Today we’ll be talking about

How GitHub Built Their Search Feature
- Issues with Grep and Elasticsearch
- Using an Inverted Index data structure
- How they ingest and index repositories
- How they run queries
Tech Snippets
- A Curated List of Resources and Tools on Data Engineering (Backend)
- Your Email Validation Logic is Wrong (Full Stack)
- Forget Multi-tasking. It’s Context-Switching that Matters (Developer Productivity)
- Network Troubleshooting Explained - It’s not Always DNS (Backend)
- A Manager’s Guide to Holding Your Team Accountable (Engineering Leadership)

How GitHub Built Their Search Feature

One of GitHub’s coolest features is the code search, where you can search across every public repository on GitHub in just a few seconds.

The company has over 200 million repositories with hundreds of terabytes of code and tens of billions of documents so solving this problem is super challenging.

Timothy Clem is a software engineer at GitHub and he wrote a great blog post on how they do this. He goes into depth on other possible approaches, why they didn’t work and what GitHub eventually came up with.

Here’s a summary (with additional context)

The core of GitHub’s code search feature is Blackbird, a search engine built in Rust that’s specifically targeted for searching through programming languages.

The full text search problem is where you examine all the words in every stored document to find a search query. This problem has been extremely well studied and there’s tons of great open source solutions with some popular options being Lucene and Elasticsearch.

However, code search is different from general text search. Code is already designed to be understood by machines and the engine should take advantage of that structure and relevance.

Additionally, searching code has unique requirements like ignoring certain punctuation (parenthesis or periods), not stripping words from queries, no stemming (where you reduce a word to its root form. An example is walking and walked both stem from walk) and more.

Additionally, GitHub’s scale is massive. They previously used Elasticsearch and it took them months to index all of the code on GitHub (8 million repositories at the time). Today, they have over 200 million repositories, so they needed a faster alternative.

The Inverted Index Data Structure

If you have to do a search on your local machine, you’ll probably use grep (a tool to search plain text files for lines that match the query).

The grep utility uses pattern matching algorithms like Boyer-Moore which does a bit of string preprocessing and then searches through the entire string to find any matches with the query. It uses a couple heuristics to skip over some parts of the string but the time complexity scales linearly with the size of the corpus (in the best case.

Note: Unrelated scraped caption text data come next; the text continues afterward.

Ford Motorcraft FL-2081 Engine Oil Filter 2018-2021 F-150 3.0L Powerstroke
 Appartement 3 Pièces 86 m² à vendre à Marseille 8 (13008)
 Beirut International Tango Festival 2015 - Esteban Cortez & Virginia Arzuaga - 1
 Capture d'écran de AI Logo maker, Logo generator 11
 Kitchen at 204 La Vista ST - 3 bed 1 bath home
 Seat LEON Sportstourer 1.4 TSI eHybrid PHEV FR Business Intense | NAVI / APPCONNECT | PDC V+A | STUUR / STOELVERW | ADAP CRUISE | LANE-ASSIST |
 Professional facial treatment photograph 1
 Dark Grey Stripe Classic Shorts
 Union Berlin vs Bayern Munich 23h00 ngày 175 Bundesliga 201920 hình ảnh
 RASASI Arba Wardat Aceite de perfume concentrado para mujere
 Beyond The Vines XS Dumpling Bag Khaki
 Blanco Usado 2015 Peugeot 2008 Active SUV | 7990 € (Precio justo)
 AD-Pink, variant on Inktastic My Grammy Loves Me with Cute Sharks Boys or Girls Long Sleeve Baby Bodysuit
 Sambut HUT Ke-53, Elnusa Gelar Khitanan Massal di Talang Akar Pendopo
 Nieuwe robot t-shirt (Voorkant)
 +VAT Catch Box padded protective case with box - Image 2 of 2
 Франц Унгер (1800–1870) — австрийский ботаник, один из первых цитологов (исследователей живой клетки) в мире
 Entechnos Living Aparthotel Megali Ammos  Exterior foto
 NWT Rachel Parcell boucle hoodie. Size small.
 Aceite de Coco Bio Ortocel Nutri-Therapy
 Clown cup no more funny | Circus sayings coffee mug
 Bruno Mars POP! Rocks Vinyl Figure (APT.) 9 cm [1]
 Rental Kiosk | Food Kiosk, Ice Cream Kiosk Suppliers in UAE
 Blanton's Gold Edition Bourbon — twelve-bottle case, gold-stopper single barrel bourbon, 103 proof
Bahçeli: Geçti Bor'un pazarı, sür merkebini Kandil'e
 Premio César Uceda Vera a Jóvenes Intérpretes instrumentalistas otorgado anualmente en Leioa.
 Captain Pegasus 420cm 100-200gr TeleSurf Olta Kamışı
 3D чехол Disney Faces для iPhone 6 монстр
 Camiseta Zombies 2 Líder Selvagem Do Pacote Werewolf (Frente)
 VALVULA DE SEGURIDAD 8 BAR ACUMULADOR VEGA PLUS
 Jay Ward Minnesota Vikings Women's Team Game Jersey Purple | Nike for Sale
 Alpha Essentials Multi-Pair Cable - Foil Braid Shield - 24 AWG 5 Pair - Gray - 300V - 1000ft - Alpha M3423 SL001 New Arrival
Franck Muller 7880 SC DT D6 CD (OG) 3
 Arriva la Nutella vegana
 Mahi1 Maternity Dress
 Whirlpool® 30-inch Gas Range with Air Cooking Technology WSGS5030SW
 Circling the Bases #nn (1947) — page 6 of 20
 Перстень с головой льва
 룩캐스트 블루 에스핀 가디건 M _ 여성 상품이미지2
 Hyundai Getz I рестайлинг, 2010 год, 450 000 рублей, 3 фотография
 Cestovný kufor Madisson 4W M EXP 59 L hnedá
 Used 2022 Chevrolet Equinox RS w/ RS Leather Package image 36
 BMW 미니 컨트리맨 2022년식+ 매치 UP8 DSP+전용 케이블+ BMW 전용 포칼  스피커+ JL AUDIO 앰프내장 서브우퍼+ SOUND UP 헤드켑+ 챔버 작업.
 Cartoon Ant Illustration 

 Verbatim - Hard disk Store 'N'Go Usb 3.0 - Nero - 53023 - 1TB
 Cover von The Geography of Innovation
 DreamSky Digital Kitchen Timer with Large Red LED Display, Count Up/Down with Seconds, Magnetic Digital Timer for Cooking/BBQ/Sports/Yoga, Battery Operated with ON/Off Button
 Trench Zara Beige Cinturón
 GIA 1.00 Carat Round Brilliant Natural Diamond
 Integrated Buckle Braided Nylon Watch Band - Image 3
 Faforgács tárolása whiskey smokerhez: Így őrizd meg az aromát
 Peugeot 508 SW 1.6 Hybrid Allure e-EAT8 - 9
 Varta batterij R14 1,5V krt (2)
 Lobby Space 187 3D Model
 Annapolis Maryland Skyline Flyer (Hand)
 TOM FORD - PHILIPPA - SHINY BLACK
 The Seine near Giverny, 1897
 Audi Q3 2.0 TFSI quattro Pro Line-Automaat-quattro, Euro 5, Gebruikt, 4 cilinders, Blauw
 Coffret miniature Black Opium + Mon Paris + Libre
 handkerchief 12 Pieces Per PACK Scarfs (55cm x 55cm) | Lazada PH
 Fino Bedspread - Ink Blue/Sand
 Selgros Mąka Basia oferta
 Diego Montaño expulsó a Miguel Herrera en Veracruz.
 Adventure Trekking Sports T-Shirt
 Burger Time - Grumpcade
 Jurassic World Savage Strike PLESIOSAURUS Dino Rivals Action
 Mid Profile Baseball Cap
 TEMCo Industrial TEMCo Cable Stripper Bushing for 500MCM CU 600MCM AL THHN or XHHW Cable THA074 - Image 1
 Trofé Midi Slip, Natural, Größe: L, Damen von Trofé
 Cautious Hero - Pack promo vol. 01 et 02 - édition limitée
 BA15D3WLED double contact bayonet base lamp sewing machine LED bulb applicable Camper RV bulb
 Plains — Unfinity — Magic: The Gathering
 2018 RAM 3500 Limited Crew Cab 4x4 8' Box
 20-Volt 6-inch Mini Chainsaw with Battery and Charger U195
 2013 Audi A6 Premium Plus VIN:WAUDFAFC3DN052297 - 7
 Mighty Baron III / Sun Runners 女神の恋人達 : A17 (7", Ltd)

It scales quadratically in the worst case).

This is great if you’re just working on your local machine. But it doesn’t scale if you’re searching billions of documents.

Instead, full text search engines (Elasticsearch, Lucene, etc.) utilize the Inverted Index data structure.

This is very similar to what you’ll find in the index section of a textbook. You have a list of all the words in the textbook ordered alphabetically. Next to each word is a list of all the page numbers where that word appears. This is an extremely fast way to quickly find a word in a textbook.

To create an inverted index, you’ll first search through all the documents in your corpus.

For each document, extract all the tokens (a sequence of characters that represents a certain concept/meaning).

Do some processing on these tokens (combine tokens with similar meanings, drop any common words like the or a).

Then, create some type of index where the keys are all the tokens and the values are all the document IDs where that token appears.

For more details, check out this fantastic blog post by Artem Krylysov where he builds a full text search engine (credits to him for the image above).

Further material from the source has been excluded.